---------- GIVEN RECORDS
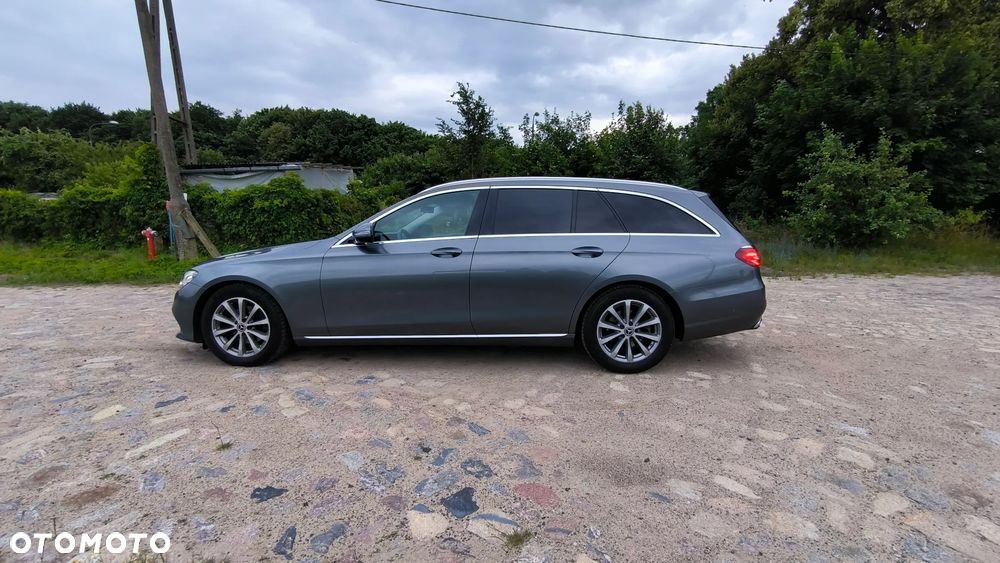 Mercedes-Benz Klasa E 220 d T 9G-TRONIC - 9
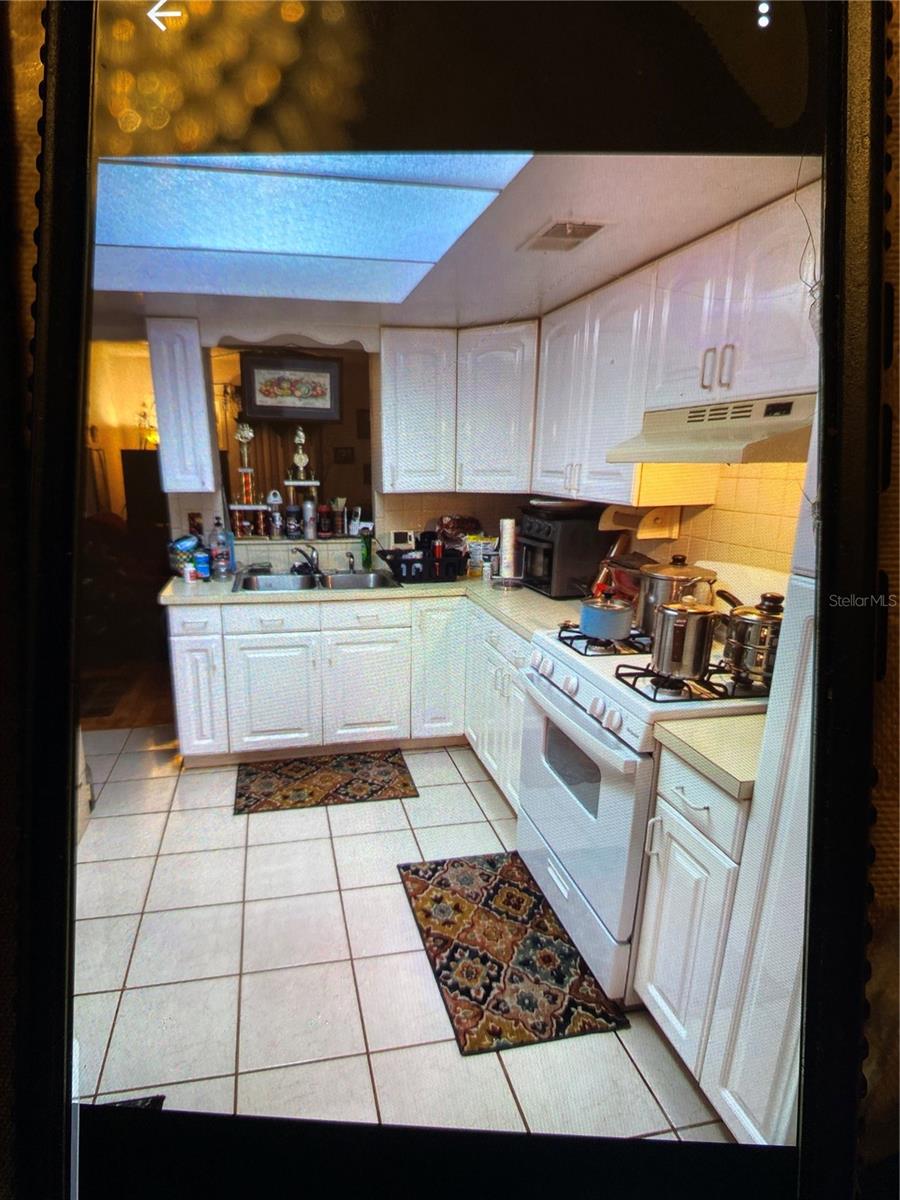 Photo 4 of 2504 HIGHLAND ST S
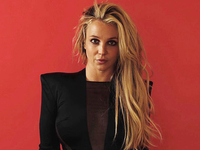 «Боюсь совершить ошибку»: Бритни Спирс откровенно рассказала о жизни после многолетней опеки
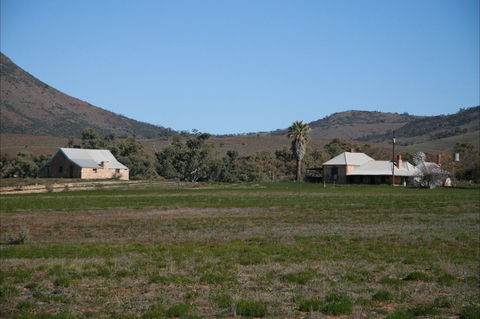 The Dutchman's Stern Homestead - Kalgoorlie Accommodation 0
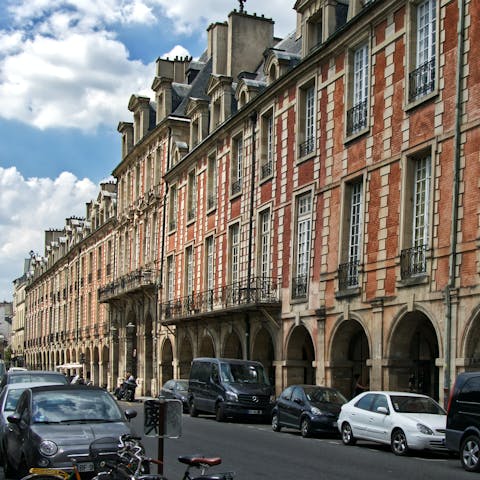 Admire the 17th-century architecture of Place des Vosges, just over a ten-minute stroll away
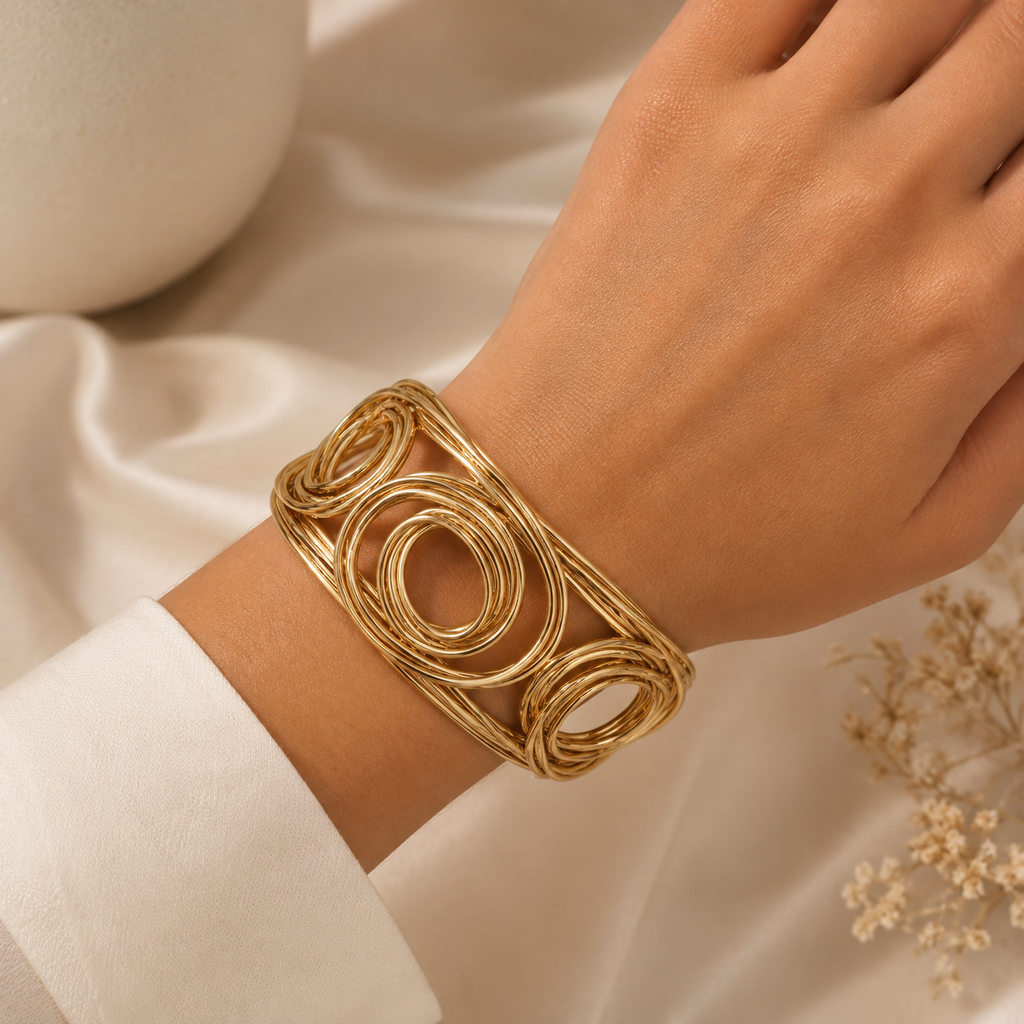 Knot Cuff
--------------------
## DIRECTIONS FOR THIS TASK
Would you transcribe exactly, and only, the lines from the one containing "Photo 4 of 2504 HIGHLAND ST S" through the last line of the records above, both included, leaving out the pictures?

## RESPONSE AREA
 Photo 4 of 2504 HIGHLAND ST S
 «Боюсь совершить ошибку»: Бритни Спирс откровенно рассказала о жизни после многолетней опеки
 The Dutchman's Stern Homestead - Kalgoorlie Accommodation 0
 Admire the 17th-century architecture of Place des Vosges, just over a ten-minute stroll away
 Knot Cuff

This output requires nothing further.